I was trying to say something positive there about Holocene. Did that make sense? I just don't want to be too gung-ho.
The record is called Paul's Tomb: A Triumph. Who's Paul? Is it St. Paul?
Paul's Tomb is actually a geographical place. It's very close to where my wife grew up. It's a tomb that's built on a lake [Okanagan Lake], and the lake is beautiful in some parts and—it's a huge lake—in some parts, it's kind of saw mill and that kind of thing. A lot of it is being developed, so there's not a lot of private space, but one of the places that is really well protected is Paul's Tomb, and you have to walk about three kilometers to get there in the blazing heat. It's like 40 degrees [Celsius] in the summer. And you get there and all of a sudden, the water's aquamarine, and you feel like you're swimming in the Mediterranean maybe off of Italy.

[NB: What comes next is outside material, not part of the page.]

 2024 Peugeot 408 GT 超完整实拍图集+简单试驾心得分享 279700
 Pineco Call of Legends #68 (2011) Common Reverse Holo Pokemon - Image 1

It's just absolutely beautiful. But we've never been able to find Paul's Tomb. So we get to the beach called Paul's Tomb, and there's a big plaque: "Paul built the tomb," blah blah blah, but I'm always like, where is the actual tomb? Where are the doors? We want to find that place. The most honest answer to maybe your next question, "Why did you name it Paul's Tomb?" is there is something phonetically pleasing about those two words together and they're very mysterious and maybe quasi-religious, which Frog Eyes has an element of that, for sure. But really, we just think it's funny that we can never find Paul's Tomb. It's this mysterious, beautiful place where you never find that which you are seeking, I guess.